• [Task instructions]: With pictures omitted, the line containing "Hybrid - Clea" and all later lines of the records below are to be restated word for word.

• [Dataset excerpts]:
_ _ _ _ _
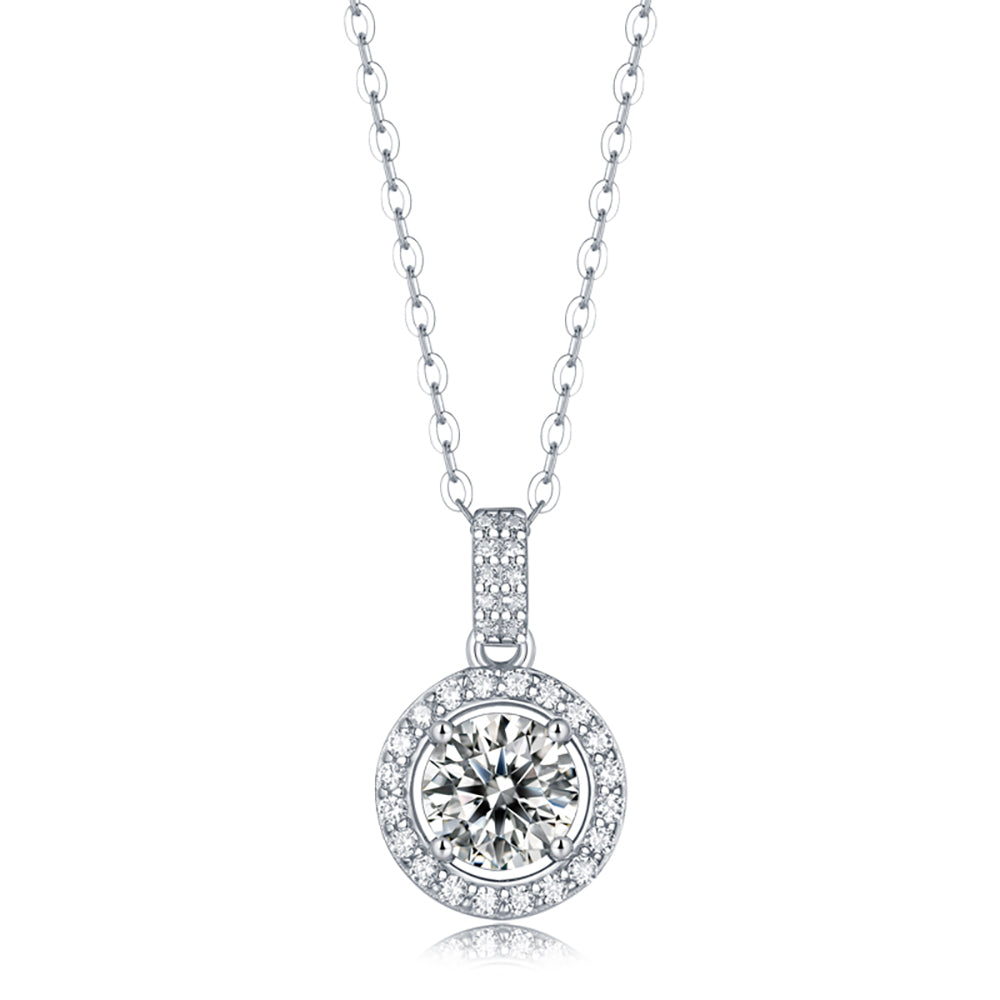 Radiate Beauty - Sparkling 1ct Moissanite Pendant on S925 Silver Chain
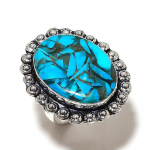 Copper Blue Turquoise 925 Sterling Silver Jewelry Ring Size 8 o8b98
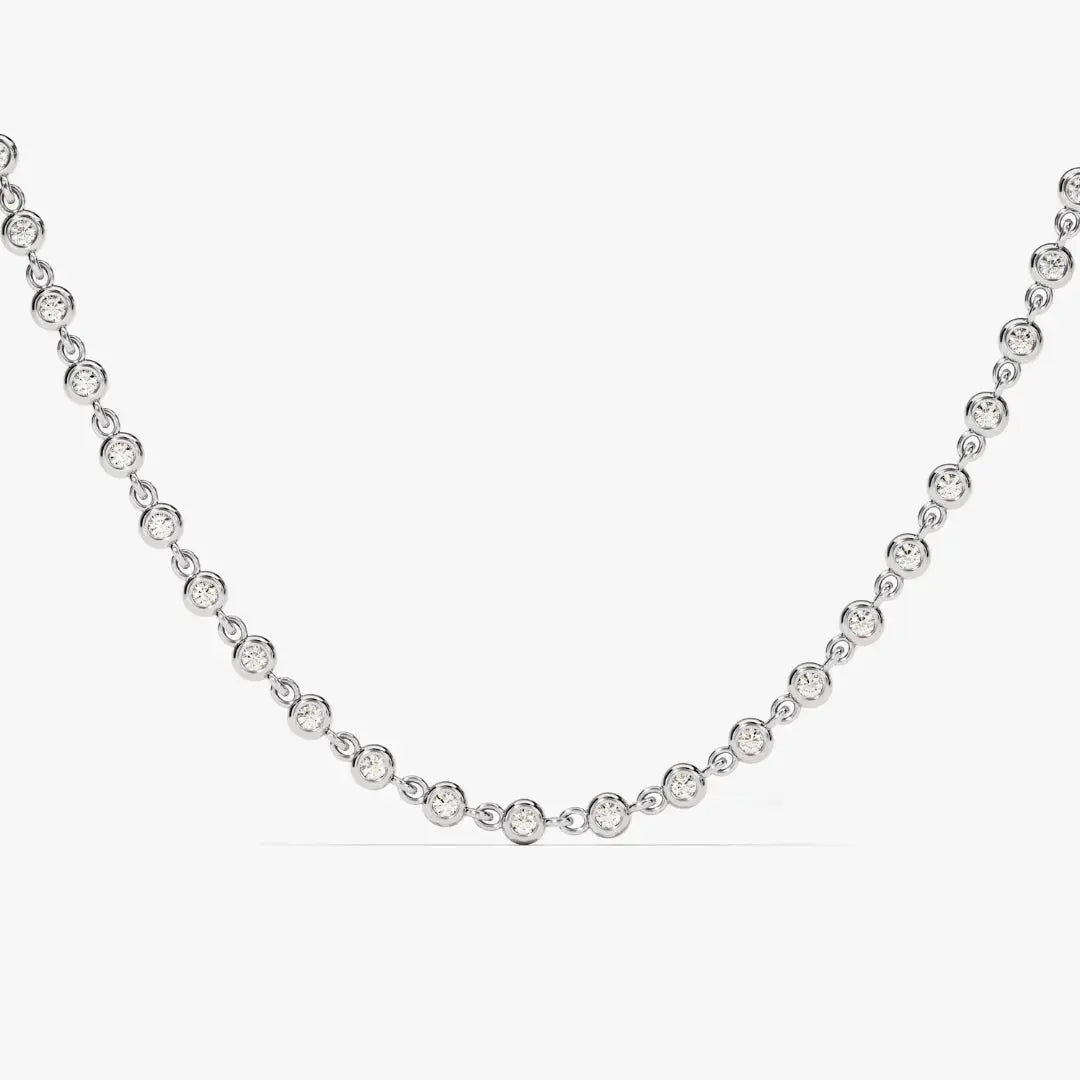 Round Diamond Necklace, 5.28 CT Moissanite Diamond for Wedding Jewel Carts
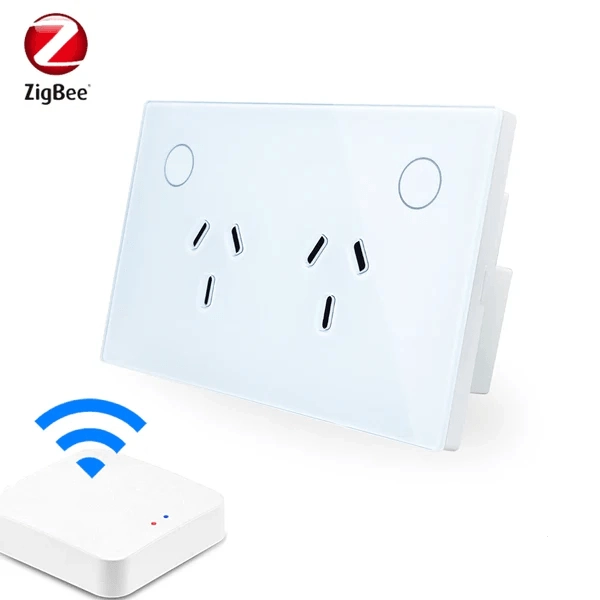 Double Powerpoint Zigbee Wifi WHT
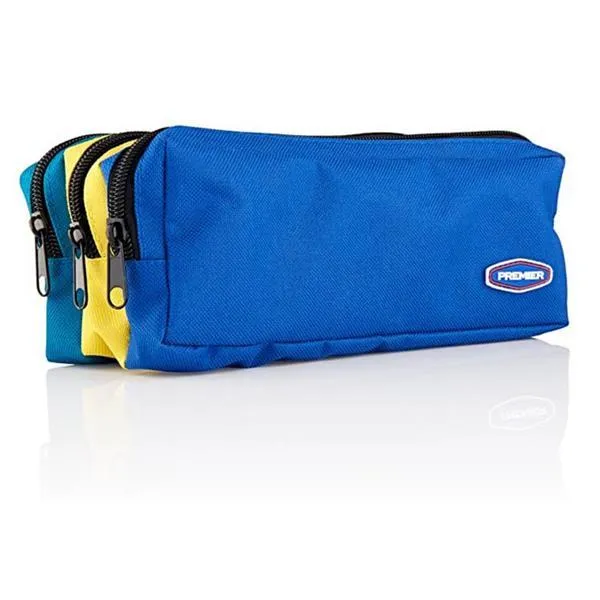 Premier 3 Pocket Zip Pencil Case - Blue, Yellow and Green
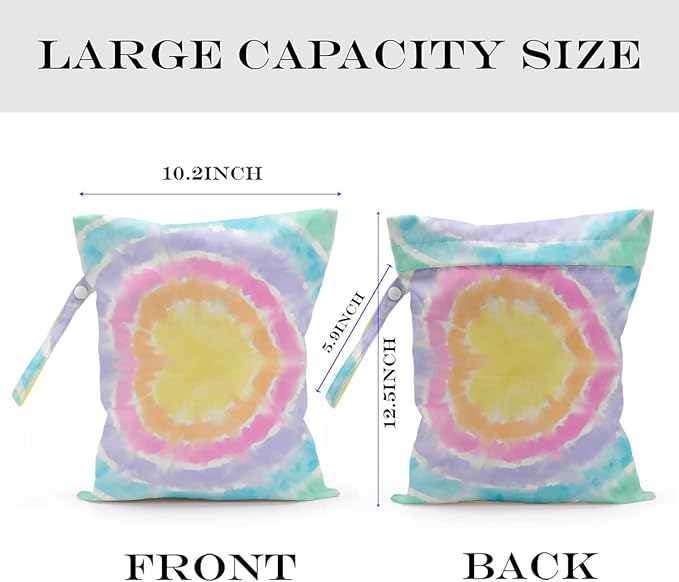 Wet Bag, Wet Dry Bag, Wet Bag for Swimsuit, Travel, Beach, Pool, Diapers, Dirty Yoga Gym Clothes, Toiletries, Makeup Bag, Waterproof Hippie Retro Flower Decor for Women Birthday, 2 Pcs Set.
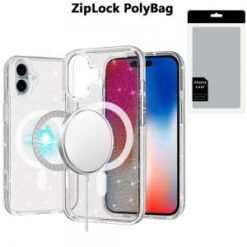 [PolyBag]  iPhone 16 6.1 inch Glitter Ultra [Magnetic Circle] Thick 3mm Transparent Hybrid - Clea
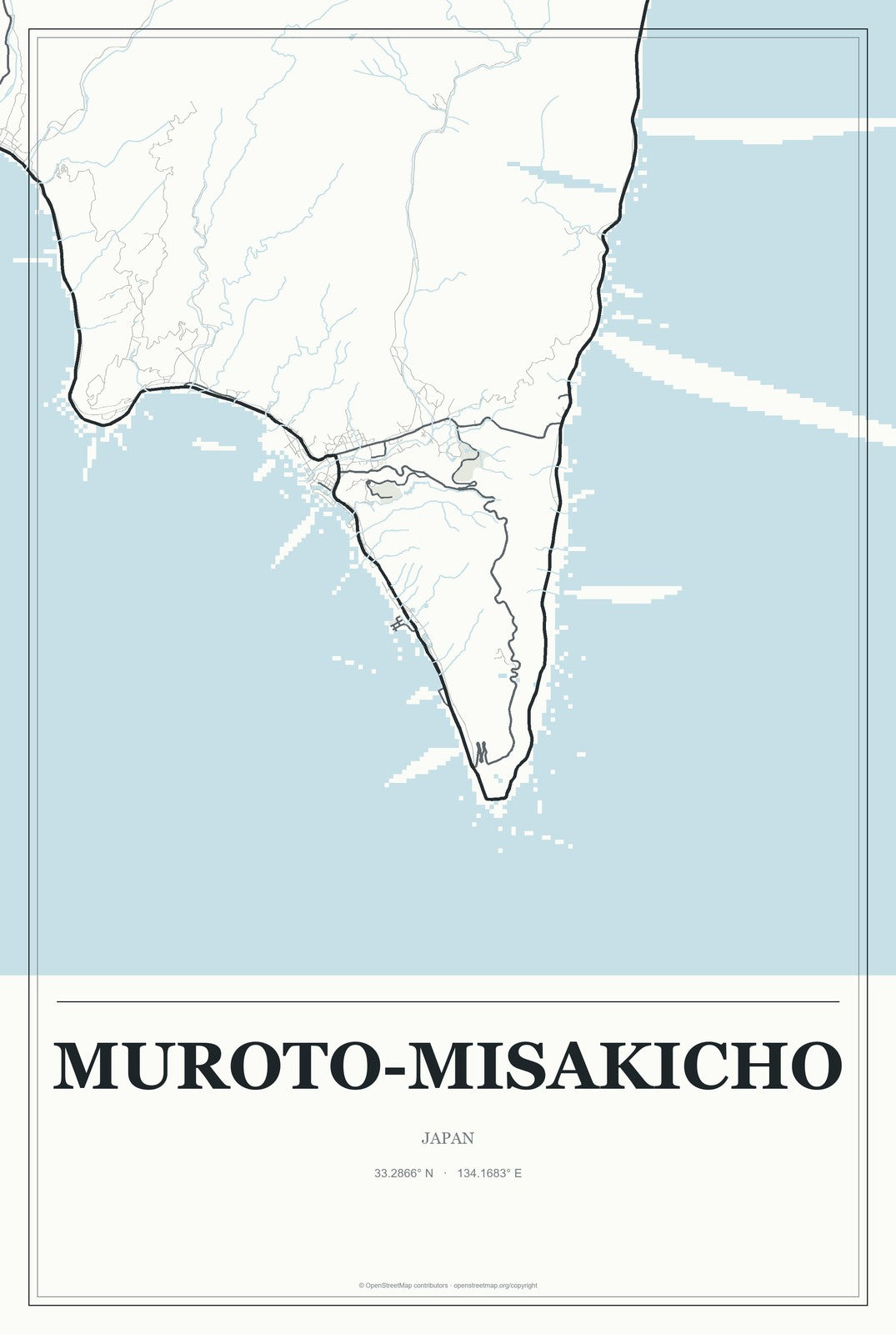 Muroto-misakicho, Japan City Map Aluminum Sign in Gallery Air style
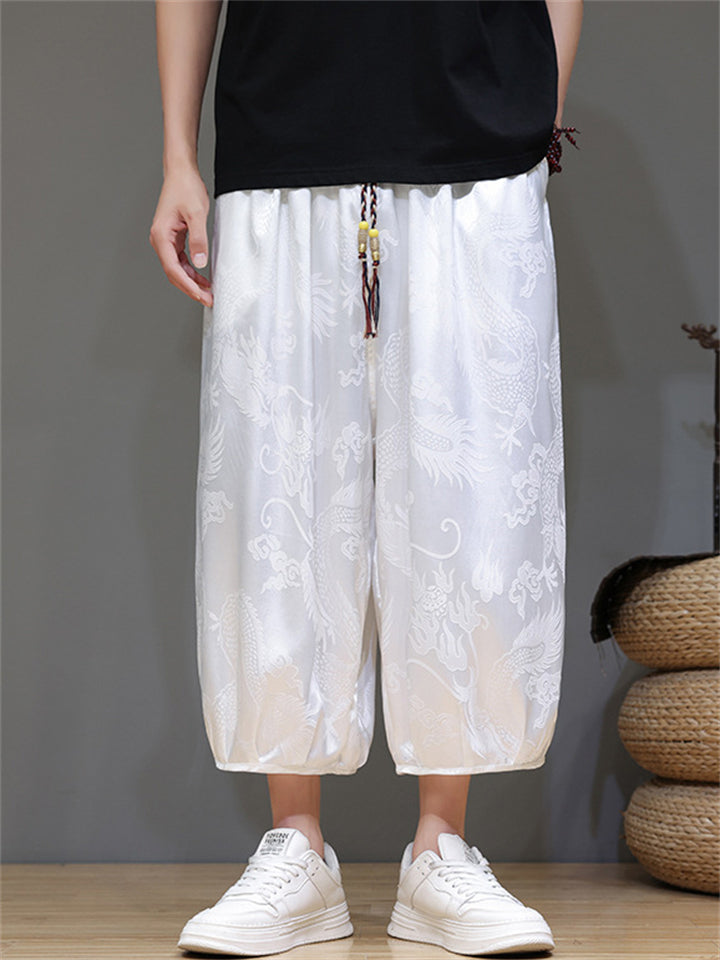 Men's Cool Casual Loong Print Wide Leg Cropped Pants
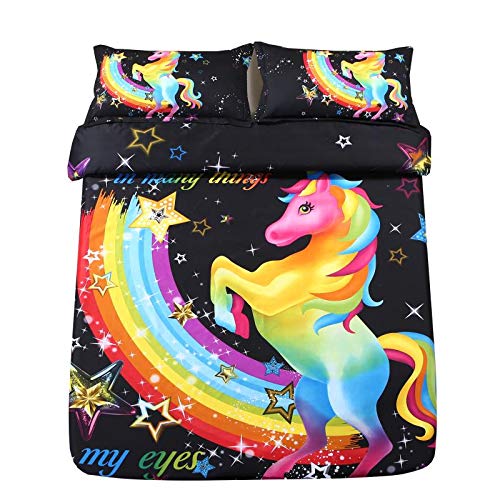SDIII 2PC Colorful Unicorn Bedding Sets Twin Size Galaxy Duvet Cover Sets Girlsâ€™ Bed Set(Pls Notes: Word Spelling Mistake on Product)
_ _ _ _ _
• [Finished exercise]:
 [PolyBag]  iPhone 16 6.1 inch Glitter Ultra [Magnetic Circle] Thick 3mm Transparent Hybrid - Clea
 Muroto-misakicho, Japan City Map Aluminum Sign in Gallery Air style
 Men's Cool Casual Loong Print Wide Leg Cropped Pants
SDIII 2PC Colorful Unicorn Bedding Sets Twin Size Galaxy Duvet Cover Sets Girlsâ€™ Bed Set(Pls Notes: Word Spelling Mistake on Product)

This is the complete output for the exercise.